Thursday, June 27, 2013

Interview with Lloyd Lofthouse author of Running with the Enemy


I had the pleasure of Lloyd Lofthouse author of Running with the Enemy answer a couple of questions for us to see what he’s been up too as well as any current project’s he’s working on to what he’s currently reading so hurry and read below!

 

How did you come up with the title?

For years, the working title was “Better a Dead Hero”; and then one morning I woke up and “Running with the Enemy” appeared out of nowhere and I liked that title better.


What inspired you to write your first book?

My first published book was “My Splendid Concubine”. In 1999—while we were dating and before we were married—my wife Anchee introduced me to Robert Hart. I’m part Irish and Hart was Irish so my wife thought I would be interested in his story. She was researching and writing the “Empress Orchid” at the time.

http://www.mysplendidconcubine.com/

http://www.houghtonmifflinbooks.com/readers_guides/min_empress.shtml

I Googled Robert Hart and discovered that Harvard University’s Belknap Press published Hart’s journals (the ones he did not burn shortly before his death) and letters in several volumes. After I bought and read these books, it was obvious that Hart wanted to hide the relationship he had with his concubine Ayaou, and I became fascinated with the idea of exploring what that relationship must have been like for this conflicted man who didn’t want the world to know about Ayaou and his love and respect for her as an individual.
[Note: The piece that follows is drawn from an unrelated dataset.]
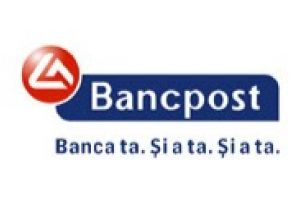 Anunt pentru clientii Bancpost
Hart and Ayaou were together for almost a decade and had three children together. Why would he want to erase her from his own personal history? Before he died, he even asked his family and friends to burn all the letters that he wrote, but they didn’t—fortunately.


What book are you reading now?

I just finished reading and posting a reader review on Amazon of Tash Aw’s “Five Star Billionaire”, and now I am reading Porter Gale’s “Your Network Is Your Net Worth”—a fascinating nonfiction book that will help anyone who wants to discover how to network properly. Porter Gale takes readers step-by-step through what it takes to become a successful networker and overcome any inhibitions that may get in the way while building a foundation that leads to happiness and success. I’m almost halfway through her book and it offers a seamless transition for those of us who want to learn how to network but are finding the process difficult.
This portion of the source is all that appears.